[Exercise prompt]: Would you write out the entries below, every one of them, exactly?

[Dataset records]:
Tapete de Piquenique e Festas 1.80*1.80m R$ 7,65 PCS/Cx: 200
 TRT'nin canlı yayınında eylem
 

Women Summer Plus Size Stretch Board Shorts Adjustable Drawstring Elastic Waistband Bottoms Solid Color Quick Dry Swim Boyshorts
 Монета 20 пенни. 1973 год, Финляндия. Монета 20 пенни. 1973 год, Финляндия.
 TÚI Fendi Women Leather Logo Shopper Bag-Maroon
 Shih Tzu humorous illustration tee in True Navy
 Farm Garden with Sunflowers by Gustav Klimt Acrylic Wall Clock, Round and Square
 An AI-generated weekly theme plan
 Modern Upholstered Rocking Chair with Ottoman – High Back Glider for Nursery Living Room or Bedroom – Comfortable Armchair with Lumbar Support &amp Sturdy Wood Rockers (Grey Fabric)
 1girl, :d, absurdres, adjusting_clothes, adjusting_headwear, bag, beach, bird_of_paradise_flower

[Reply to the task]:
Tapete de Piquenique e Festas 1.80*1.80m R$ 7,65 PCS/Cx: 200
 TRT'nin canlı yayınında eylem
 

Women Summer Plus Size Stretch Board Shorts Adjustable Drawstring Elastic Waistband Bottoms Solid Color Quick Dry Swim Boyshorts
 Монета 20 пенни. 1973 год, Финляндия. Монета 20 пенни. 1973 год, Финляндия.
 TÚI Fendi Women Leather Logo Shopper Bag-Maroon
 Shih Tzu humorous illustration tee in True Navy
 Farm Garden with Sunflowers by Gustav Klimt Acrylic Wall Clock, Round and Square
 An AI-generated weekly theme plan
 Modern Upholstered Rocking Chair with Ottoman – High Back Glider for Nursery Living Room or Bedroom – Comfortable Armchair with Lumbar Support &amp Sturdy Wood Rockers (Grey Fabric)
 1girl, :d, absurdres, adjusting_clothes, adjusting_headwear, bag, beach, bird_of_paradise_flower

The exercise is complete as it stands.